### How to complete this task
Your answer should consist only of the records, copied exactly, with the images removed.

Stored items
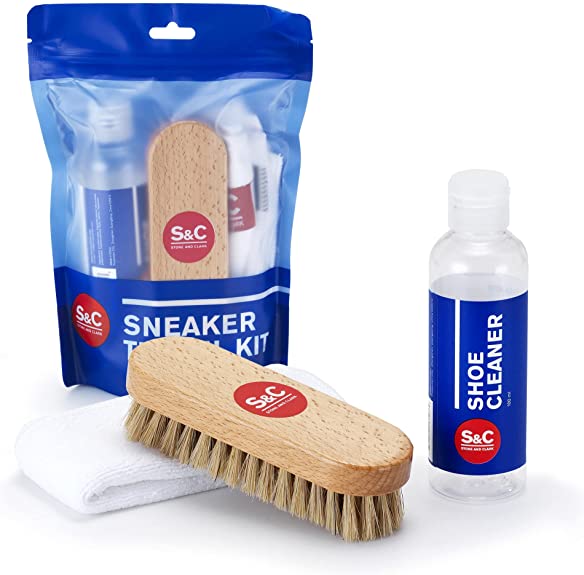 shoes cleaner cleaning kit for leather
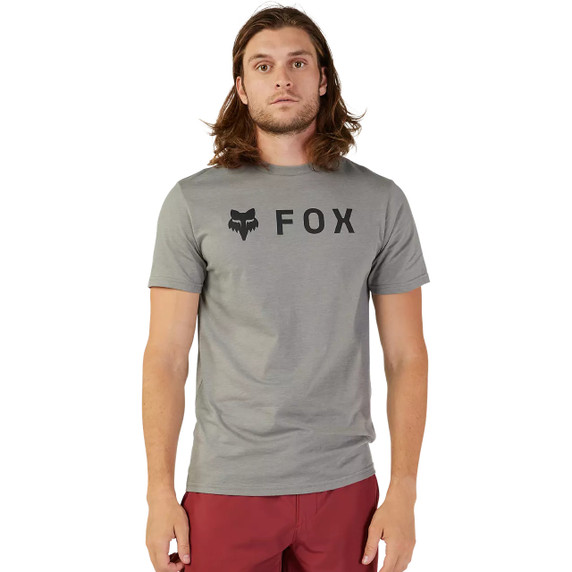 Fox Absolute SS Prem Tee HTR Graphite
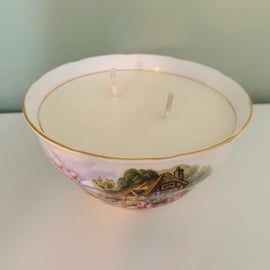 Seconds Sunday Lavender Fields Sugar Bowl Candle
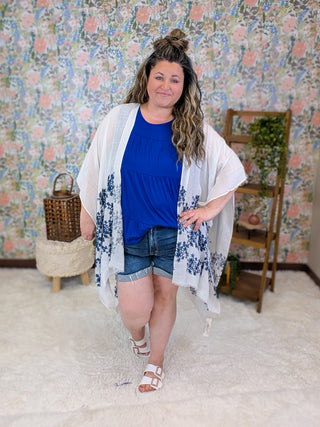 Elisha Tiered Flowy Tank in Solids (3 Colors)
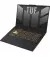 Ноутбук ASUS TUF Gaming F17 2022 FX707ZC4-HX038 Mecha Gray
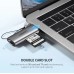 Кардридер UGREEN CM184 USB-C TF+SD Card Reader (50704)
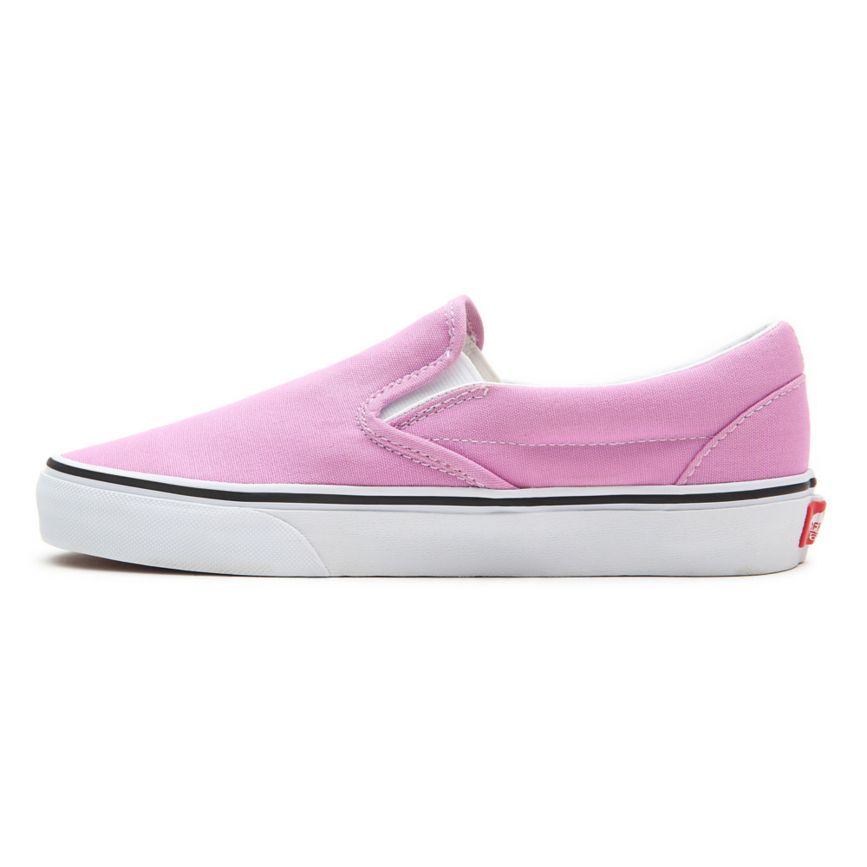 Slip On Vans Classic Slip-on Mujer Rosas | VN354G7TS43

### Worked solution
 shoes cleaner cleaning kit for leather
 Fox Absolute SS Prem Tee HTR Graphite
 Seconds Sunday Lavender Fields Sugar Bowl Candle
 Elisha Tiered Flowy Tank in Solids (3 Colors)
 Ноутбук ASUS TUF Gaming F17 2022 FX707ZC4-HX038 Mecha Gray
 Кардридер UGREEN CM184 USB-C TF+SD Card Reader (50704)
 Slip On Vans Classic Slip-on Mujer Rosas | VN354G7TS43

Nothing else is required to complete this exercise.